The Philadelphia Orchestra opened its summer season Wednesday night at the Saratoga Performing Arts Center in what turned out to be more than just a night of fabulous music making.
Not only did piano soloist Garrick Ohlsson join the orchestra to play the “Star-Spangled Banner,” but midway through the second movement of the hour-long Rachmaninoff Symphony No. 2 in E minor, the power went out and the hall was thrown into darkness.
As the last few notes of the orchestra ceased and groans from the large crowd began, the lights slowly began to come on. Conductor Stéphane Denève turned to the crowd and said, “The musicians play with all their hearts but not by heart.”
This brought a huge laugh and much applause, especially as the power seemed to fail again before everything came fully on.
It was all part of what made the evening memorable. Ohlsson, who performed Tchaikovsky’s Concerto No. 1 in B-flat minor with effortless virtuosity, was like a rock. His chords in the opening movement’s majestically expansive theme were fully weighted with snappy releases. His touch in the lyrical inner sections was tender and sustained and he sang the long cadenza’s lines with passion. The orchestra dazzled.
In the second movement, which is such a contrast to the outer two movements, all was delicacy and light. The various solos in the flute, cello and oboe, which were all performed splendidly, echoed a deliciously tranquil theme before a quickening tempo began with frolicking figures.
The finale was bright and hard-edged, with a big sound and strong accents. Ohlsson and Denève were eyeball to eyeball to keep Ohlsson’s huge octave runs in time. The audience jumped to its feet with roars of approval, cheers and whistles. After several curtain calls, Ohlsson gave an encore: Rachmaninoff’s famous Prelude in C-sharp minor. After slow sonorous chords comes the darkly melancholic theme over undulating patterns. It was like a great cathedral of sound. The crowd was electrified.
Rachmaninoff’s symphony hasn’t been done at SPAC in recent years, yet it’s a marvelous work of great color, multi-layers, and an expansive orchestration that gives the entire ensemble plenty to do and has all the composer’s trademark harmonies and long, romantic melodies. Denève conducted the four movements with much intensity and passion. The orchestra sounded incredible.
The first movement began mysteriously before melodies soared. Lyricism was both subtle and dramatic.
The second movement was rollicking and bright only to become languorous.

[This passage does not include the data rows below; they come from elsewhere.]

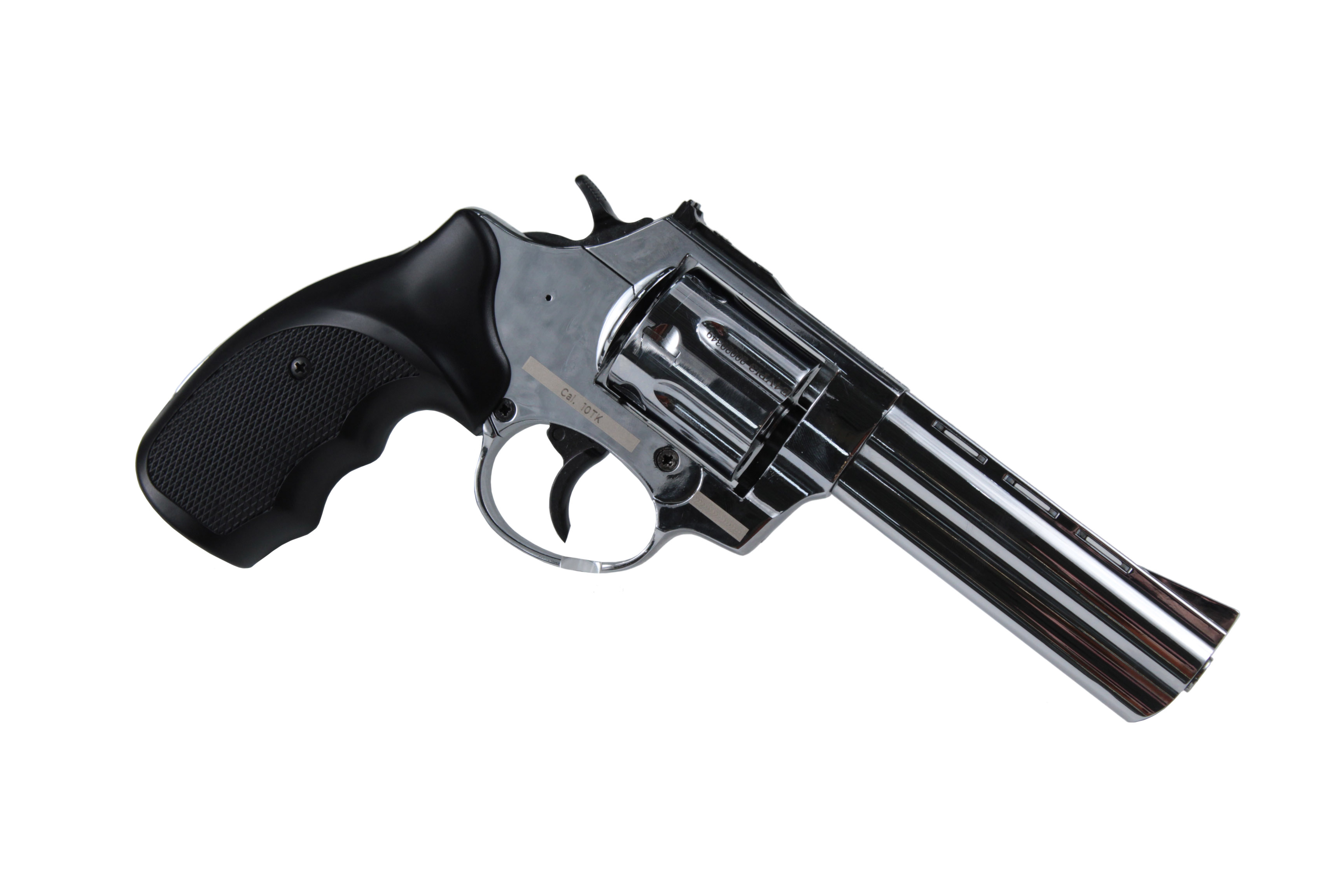 Револьвер Курс-С Taurus-CO 10ТК хром 4,5&quot; охолощенный - фото 1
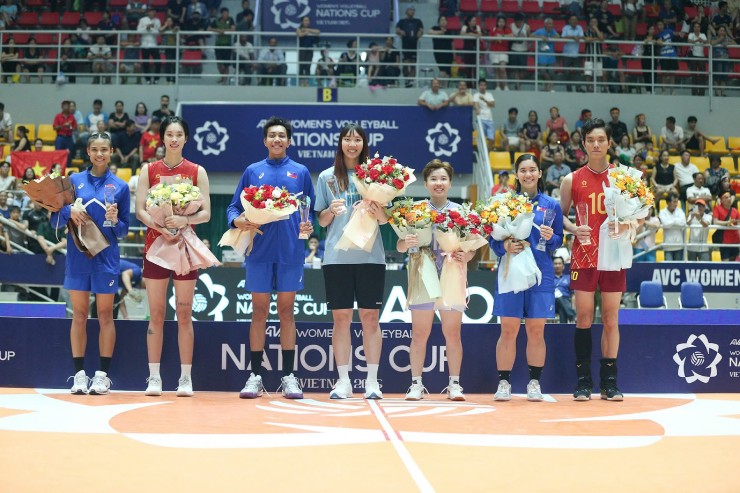 ĐT bóng chuyền nữ Việt Nam - Philippines: Thắng lợi áp đảo, hoàn tất hat-trick (Chung kết AVC Cup) - 7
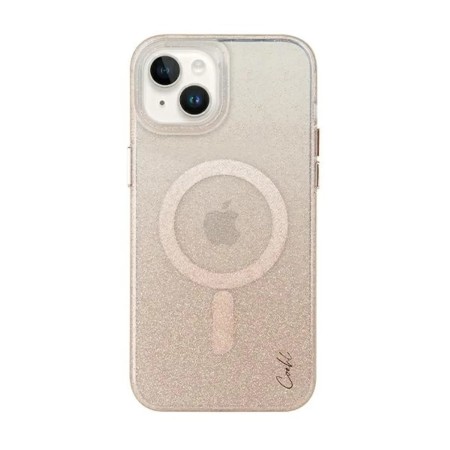 Husa Uniq Coehl Lumino Iphone 14 Gold-Sampanie Husa Uniq Coehl Lumino Iphone 14 Gold-Sampanie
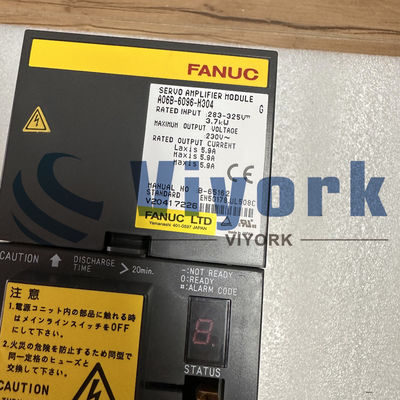 Fanuc A06B-6096-H304 SERVO AMPLIFIER SVM3-20/20/20/ FSSB I/F ALPHA NEW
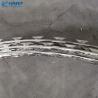 Buy cheap Galvanized Steel Protection Safety Fence Single Razor Barbed Wire from wholesalers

This moved into a kind of part two that was frothy, light and sparkled with a jaunty mood. It ended magically.
The third was a lover’s theme with long beautiful lines that built and built, only to melt away. The finale was quick, festive and bright, with swirling lines and great sweeps of sound.
The crowd gave another standing ovation with cheers and whistles, especially for the various soloists who took a bow.
Tonight, Denève returns with another SPAC favorite, pianist Jean-Yves Thibaudet, in a program of Bernstein, Gershwin and Ravel. And on Friday, Denève will join forces with Cirque de la Symphonie’s trapeze artists, who’ll work to several of John Williams’ movie pieces.